→ PROBLEM DESCRIPTION
Transcribe each entry below exactly. Pictures do not go in the copy.

(Records from a collection)
══════

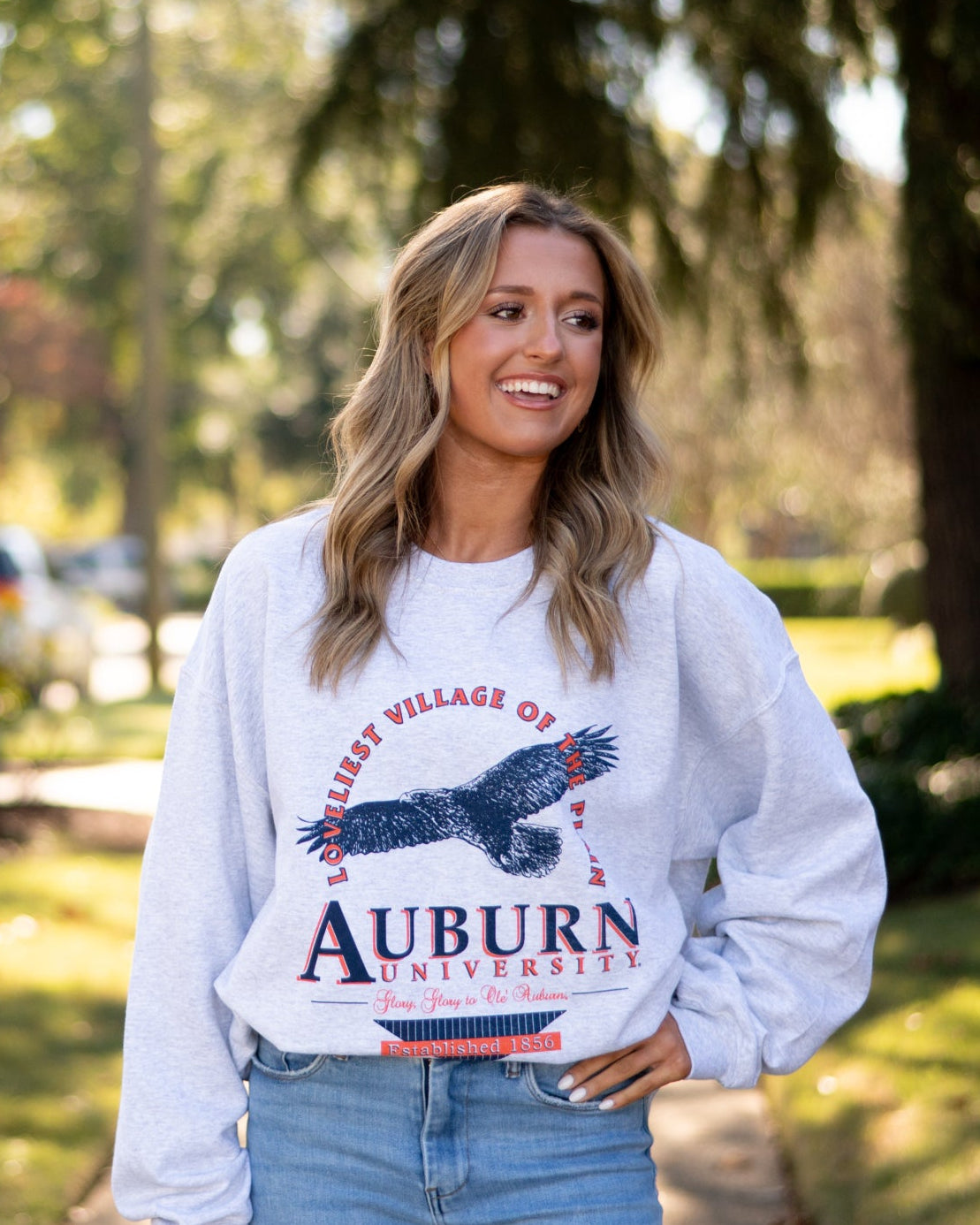 Auburn University Grey Sweatshirt with an image of an eagle flying under Orange text “Loveliest Village of the Plains” and above text “Auburn University”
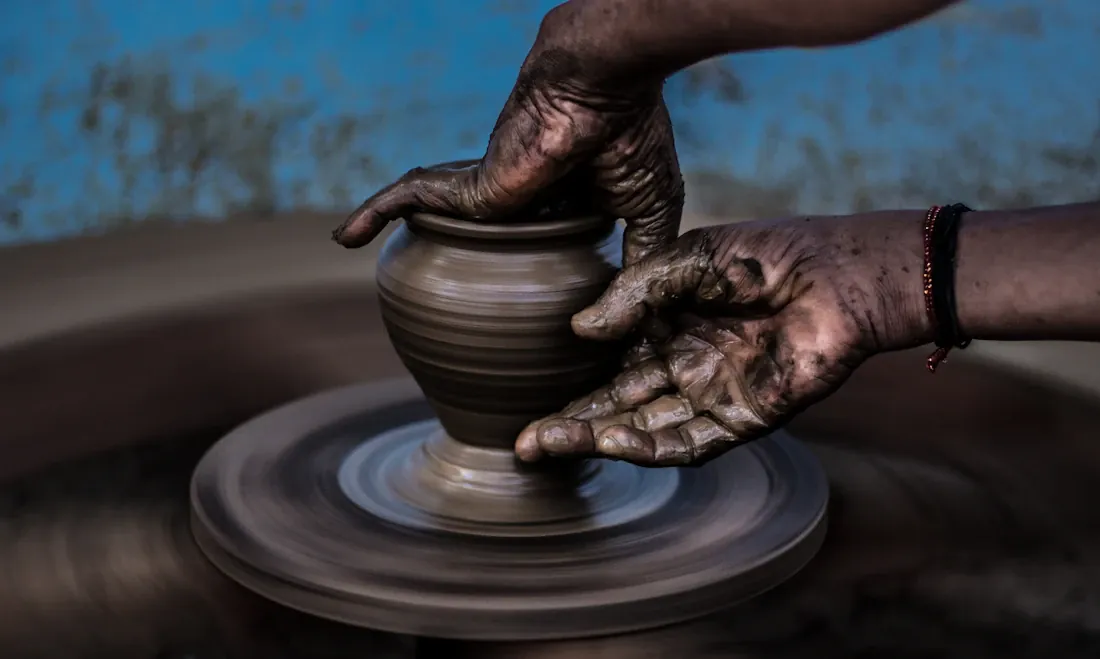 Hands carefully shaping clay on a pottery wheel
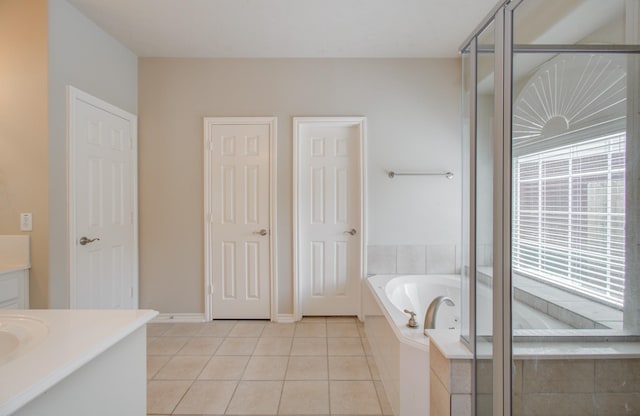 full bathroom with tile patterned flooring, baseboards, a stall shower, a bath, and vanity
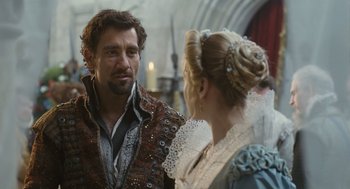 Movie still from “Elizabeth: The Golden Age” (2007), directed by Shekhar Kapur – A man and a woman in medieval garb talking to each other; Close Up shot, Over the shoulder angle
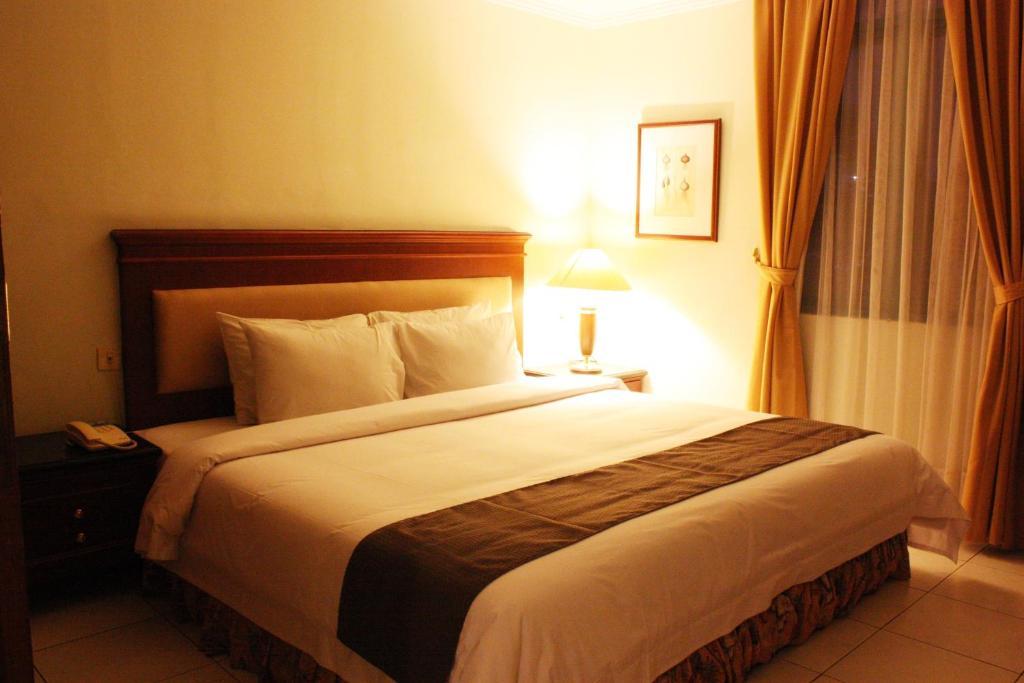 Travellers Suites Serviced Apartments Medan Bilik gambar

══════

→ ANSWER TO THIS TASK
 Auburn University Grey Sweatshirt with an image of an eagle flying under Orange text “Loveliest Village of the Plains” and above text “Auburn University”
 Hands carefully shaping clay on a pottery wheel
 full bathroom with tile patterned flooring, baseboards, a stall shower, a bath, and vanity
 Movie still from “Elizabeth: The Golden Age” (2007), directed by Shekhar Kapur – A man and a woman in medieval garb talking to each other; Close Up shot, Over the shoulder angle
 Travellers Suites Serviced Apartments Medan Bilik gambar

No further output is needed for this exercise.